-- Opening Marker --

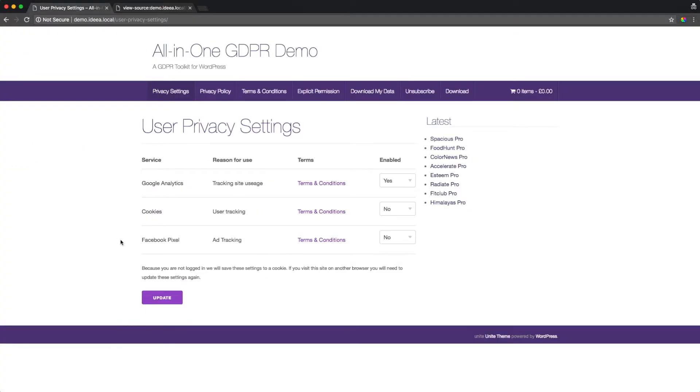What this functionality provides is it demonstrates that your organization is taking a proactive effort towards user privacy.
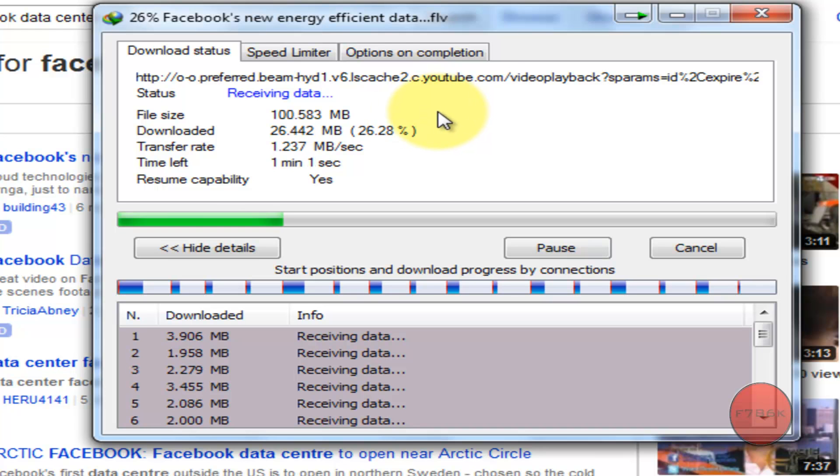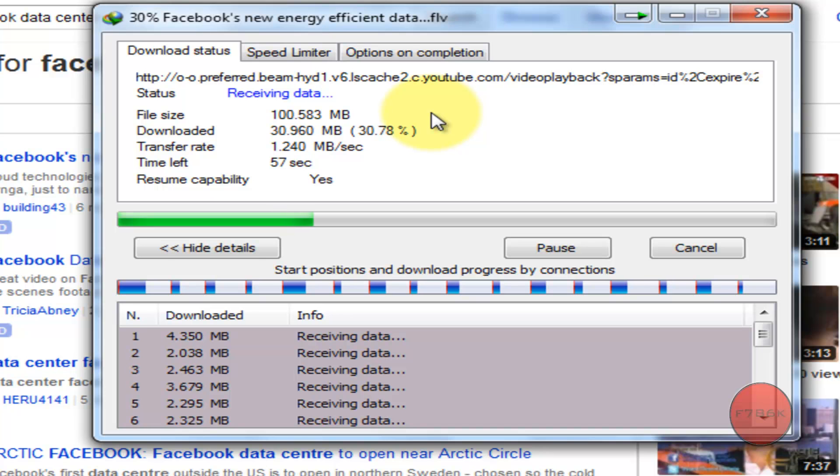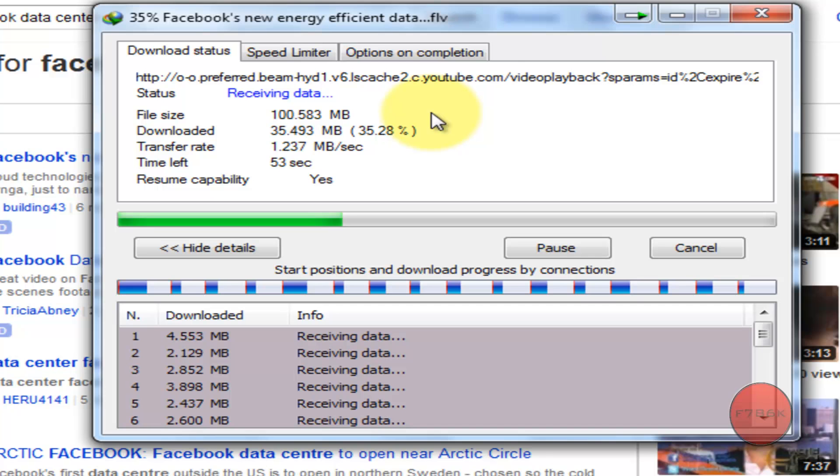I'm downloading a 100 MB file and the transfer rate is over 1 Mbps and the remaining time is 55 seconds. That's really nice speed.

-- Closing Marker --
-- Opening Marker --

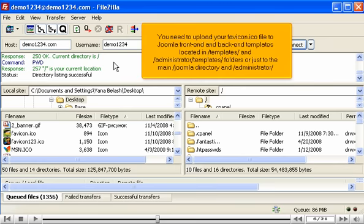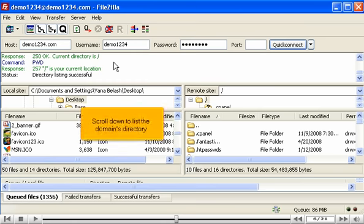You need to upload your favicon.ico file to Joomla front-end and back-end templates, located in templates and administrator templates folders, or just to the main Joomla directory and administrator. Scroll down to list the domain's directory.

-- Closing Marker --

- WORK INSTRUCTION -
The data above holds the lines to copy: start at the one with "What this functionality", stop at the one with "I'm downloading a", include both, copy them exactly without pictures, and copy nothing else.

- WRITTEN REPLY -
What this functionality provides is it demonstrates that your organization is taking a proactive effort towards user privacy.
I'm downloading a 100 MB file and the transfer rate is over 1 Mbps and the remaining time is 55 seconds. That's really nice speed.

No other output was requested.